Estava para escrever um texto sobre a eleição estadunidense e a surpreendente figura de Bernie Sanders, quando me chegou, através de Marcos Aurélio Nogueira (UNESP), o artigo aí abaixo do historiador Eric Reis Godliauskas Zen (USP), escrito em testemunho direto dos fatos, dado que o autor se encontra nos Estados Unidos. Dispenso-me de escrever o referido texto, por, no básico, subscrever o que é assinalado no de Eric Reis. Repiso três notas: 1) De modo geral, certos analistas sociais brasileiros parecem ter uma profunda dificuldade (histórico-sociológica) para compreender a complexidade dos Estados Unidos; 2) Essa dificuldade fica bastante acentuada em determinados segmentos (determinados, note-se) com abordagem crítica em relação a Sanders; 3) setores da direita (intolerante) brasileira, defensores da volta da ditadura militar e apologistas de Bolsonoro, sendo ao mesmo tempo admiradores dos Estados Unidos, estão agora numa 'situação desconcertante' com a ascensão de um candidato à Casa Branca que, à sua maneria, pronuncia em alto e bom som a palavra socialismo e ergue bandeiras que a eles causa ojeriza. É pouco provável, muitíssimo pouco, que Sanders logre êxito, mas a sua ascensão é de ser tida em conta - sem ufanismo e com equilíbrio. Eric Reis nos faz, penso eu, um bom ponto da situação. Vale a leitura.
Bernie Sanders |
Por Eric Reis Godliauskas Zen
No início das primárias da eleição
americana, o pré-candidato Donald Trump chamou bastante a atenção da imprensa.

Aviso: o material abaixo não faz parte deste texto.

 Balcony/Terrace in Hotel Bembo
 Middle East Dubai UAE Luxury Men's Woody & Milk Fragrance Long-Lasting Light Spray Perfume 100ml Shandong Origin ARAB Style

O bilionário midiático se destacou por vociferar frases misóginas, racistas,
anti-imigrantes, anti-latinos, anti-China e anti-etc. Seu jeito espalhafatoso,
cabelo engraçado e sem nenhuma noção de respeito fizeram com que suas bobagens
ecoassem e despontassem como o fator mais importante das primárias. No entanto,
para além da panaceia de ódio e mediocridade do pré-candidato Republicano, o
fato mais relevante está do lado Democrata, com o crescimento de Bernie
Sanders.
Bernie Sanders se define como um
“socialista democrata”. Essa definição tem causado muita confusão, em
particular no Brasil, tanto na imprensa como nas publicações especializadas.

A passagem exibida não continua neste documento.